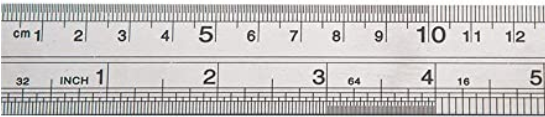 12" stainless ruler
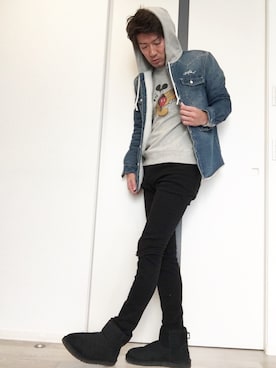 「jiggys shop（ジギーズショップ）のアイテム（チノパンツ）」を使った、A☆Gさん（メンズ・176cm）の冬コーディネート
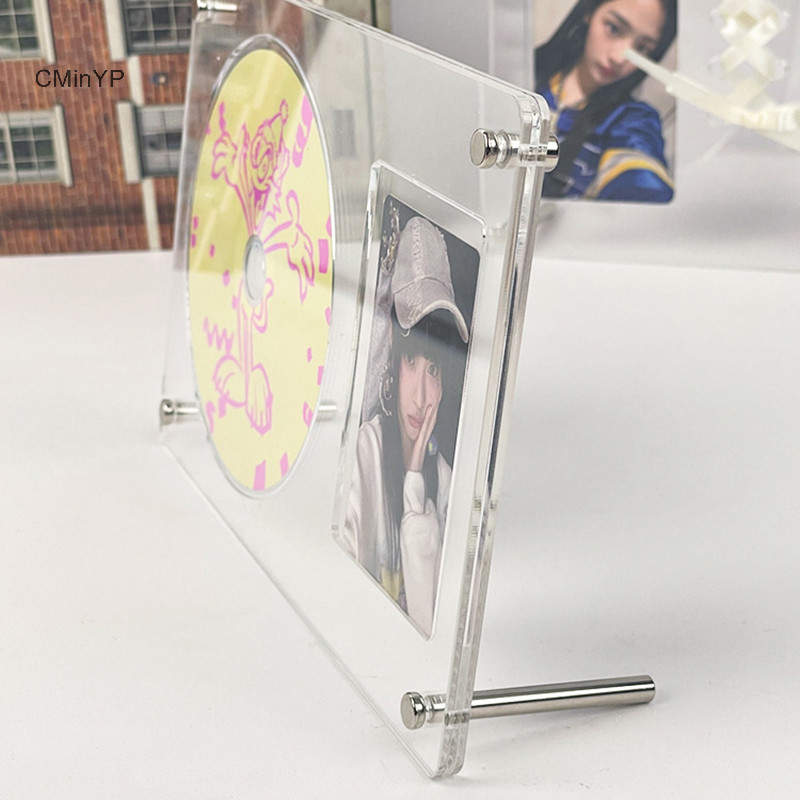 Cyinyp CD Hình Hiển Thị Đứng Khung Trong Suốt Acrylic Khung Ảnh Photocard Giá Đỡ Thần Tượng Bưu Thiếp Bảo Vệ Trang Trí Phòng Vinh Quang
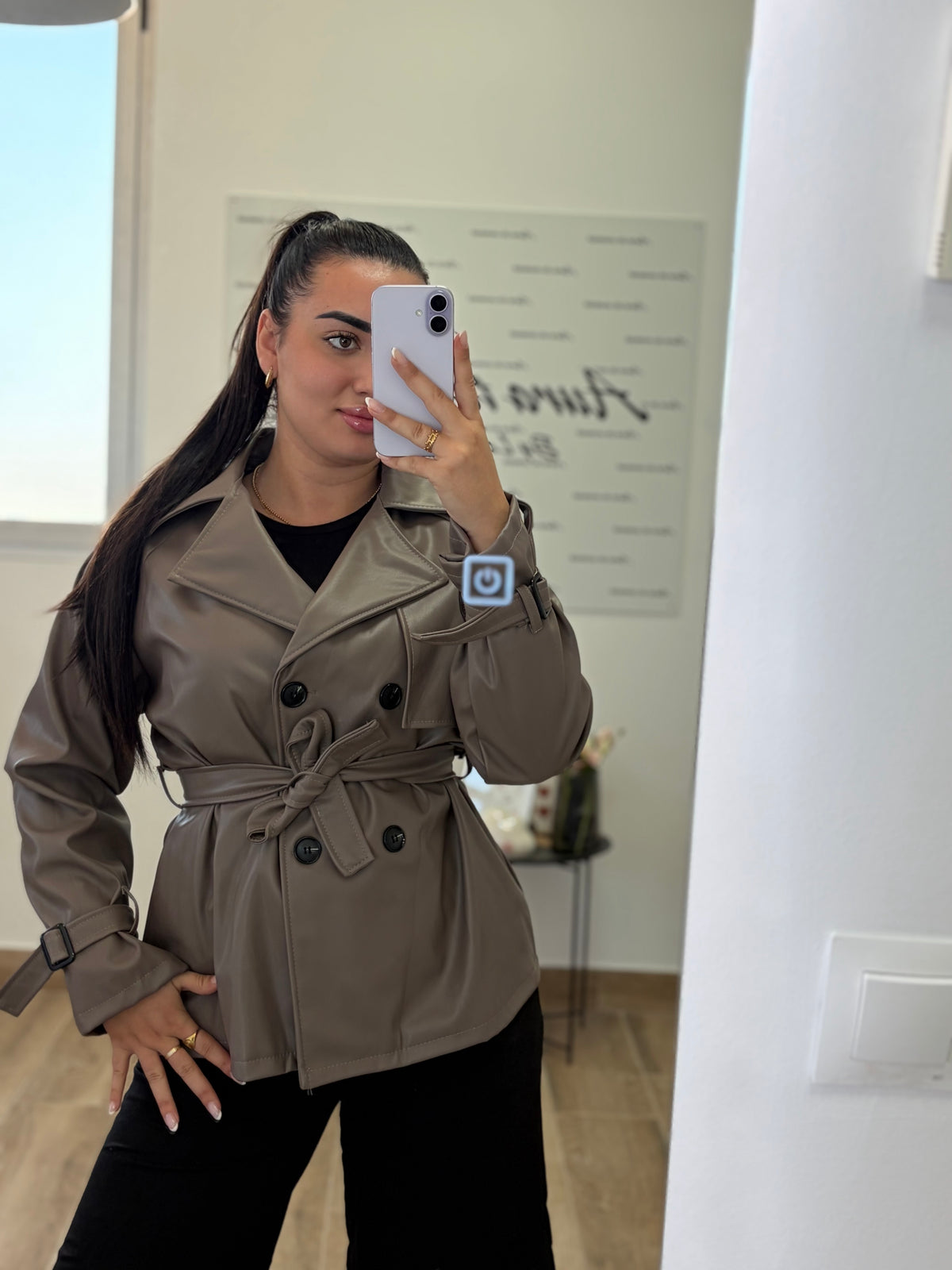 Chaqueta piel Taupper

•••

Task prompt
Word for word, return the listing above; the pictures do not belong in the copy.

Answer section
 12" stainless ruler
 「jiggys shop（ジギーズショップ）のアイテム（チノパンツ）」を使った、A☆Gさん（メンズ・176cm）の冬コーディネート
 Cyinyp CD Hình Hiển Thị Đứng Khung Trong Suốt Acrylic Khung Ảnh Photocard Giá Đỡ Thần Tượng Bưu Thiếp Bảo Vệ Trang Trí Phòng Vinh Quang
 Chaqueta piel Taupper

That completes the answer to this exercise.